Metal oxy-hydroxides and phyllosilicate minerals play a significant role in the fate and transport of heavy metals in the environment (Bertsch and Seaman, 1999, Proc Nat Acad Sci 96, 3350). Chemical speciation of metals affects their bioavailability and chemical reactivity (e.g., Stumm and Morgan, 1996, Aquatic Chemistry). Surface complexation models (SCMs) based on equilibrium thermodynamic principles have been successfully used to quantify adsorption of heavy metals on pure solid minerals, including phyllosilicates and oxy-hydroxides.
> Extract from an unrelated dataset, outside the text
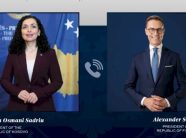 presidentja-osmani-bisede-telefonike-me-homologun-finlandez,-flasin-per-zhvillimet-politike-dhe-sigurine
For natural sediments with mixed mineralogy, Davis et. al. (1998, EST 32, 2820) suggested two different SCM approaches, namely, the component additivity and generalized composite models. In this study, adsorption of lead on pure HFO and pure kaolinite and on binary assemblages of HFO and kaolinite have been measured as a function of pH (~2-9), total metal concentration (10^-4 to 10^-6M), ionic strength of the electrolyte (0.1 to 0.001M NaNO3) and kaolinite to HFO ratio. In all experiments, adsorption of Pb increase with increasing pH; adsorption edges are much sharper for pure HFO compared to pure kaolinite. In binary systems, adsorption starts at pH ~2 and 100% adsorption occurs at pH ~4.5 for 1:1; ~5.5 for 5:1 and 10:1; ~6.0 for 50:1, 100:1 and 500:1 and ~6.9 for 5000:1 mixture. Adsorption edges for mixed systems shift towards the pure kaolinite system with increasing kaolinite:HFO, but never reach the pure kaolinite edge. This suggests that even very small quantities of HFO have a strong influence on Pb adsorption. Deviations between measured adsorption and predictions from thermodynamic calculations assuming no mineral-mineral interactions will be used to test the component additivity approach.